The humble hoi-polloi are well aware if you want to sit with family members, it is best to book in advance where that can be fully accommodated.  But Corbyn who thinks he has a god-given right to be the next Prime Minister simply because he pays lip-service to ‘socialism’, believes special measures should be laid on just for him.  The fact is that no train company – state owned, or private – could have guaranteed that Corbyn and his wife could sit together if they haven’t booked in advance.  It is a utopian dream whilst any company has to operate within the parameters of the market, be it a nationalised company or a private company.  It is simply too expensive to generate enough carriages for everyone to have lounging room, hence seats are designed on the fair principle – one man, one seat – based around the physical structure of the human being.  If you bring someone else on to the train without booking in advance, you should expect you may be separated.  Normal people put up with this.  Normal people also remember when rail was nationalised – prior to 1996.  It was a shoddy overcharging service with overcrowded trains back then as well.
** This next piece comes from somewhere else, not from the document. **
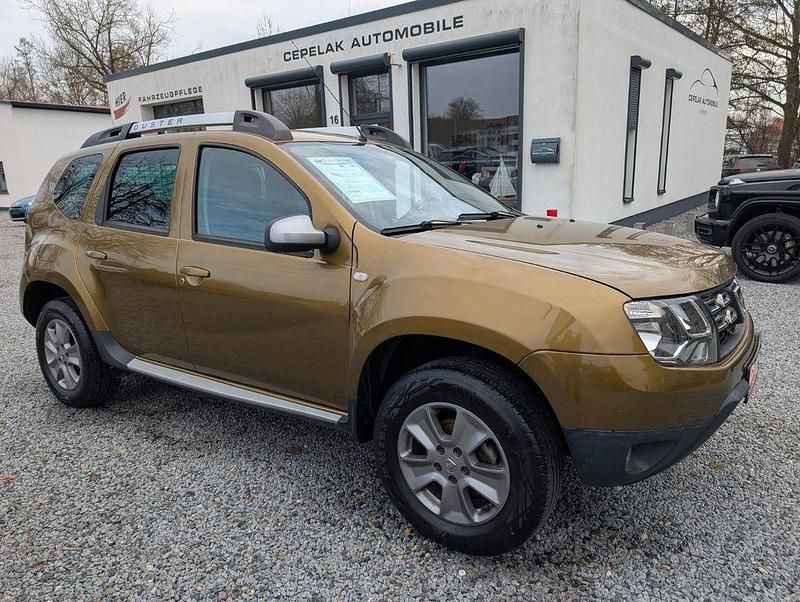 Gebraucht Dacia Duster Prestige 114 PS (83 kW) 2016 Grün SUV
It isn’t ‘bloody Tory privatisation’ or whatever, it is derived from the efficiency of the market.  If you want a superior system to this, you need to go beyond the capitalist mode of production and develop the train network far beyond what is possible if everything has a price.  So Corbyn’s threat to nationalise the rail network really means, in this context, he will tax people more to fund his desire for himself and whoever he decides to travel with in the lap of luxury whilst everyone else struggles to make ends meet (because their tax bill has risen).  But the solution is to transcend the “nationalisation vs privatisation” debate.  Nationalisation to the extent it implies social ownership is only useful if it exists in the context of a broader liberatory challenge to capitalism, i.e. that the goal is part of a project to abolish the wage-labour/capital social relation at the heart of things through a social revolution.  This leads to the erosion of the law of value so that people become free to produce longer trains without the need to consider profitability at all.  As well as this, the likelihood of getting rid of all train staff becomes possible.  If you can have driverless cars, you can have driverless trains.  A fully automated network would also not require any station staff or guards, freeing all these people (3068 of them in Virgin Rail) to do more rewarding jobs than just travelling the same old routes up and down the country again and again just to earn the right to survive.

Corbyn’s supporters such as the Guardian’s Owen Jones has argued that privatisation is a tactic of greedy capitalism so they can overcharge on fares and cut corners on delivery in order to make super profits.  Is he for real?  Whilst Virgin Rail’s annual turnover is just over £1bn, their net worth in 2015, the latest year where figures are available, is only £42m.  When you think of the millions of journeys made in any year, a net worth of £42m is a pitiful sum.  Virgin Rail are definitely not making super profits, they are only just surviving, if that.  The problem with the capitalist mode of production isn’t that it makes some people rich, it is that it cannot develop the economy enough.  It is thus that we are stuck with an inferior train network which neither privatisation nor nationalisation can solve, since both are wedded to a wider market structure.  If Corbyn’s ‘socialism’ was anything more than moralistic posturing, he might be able to grasp this point.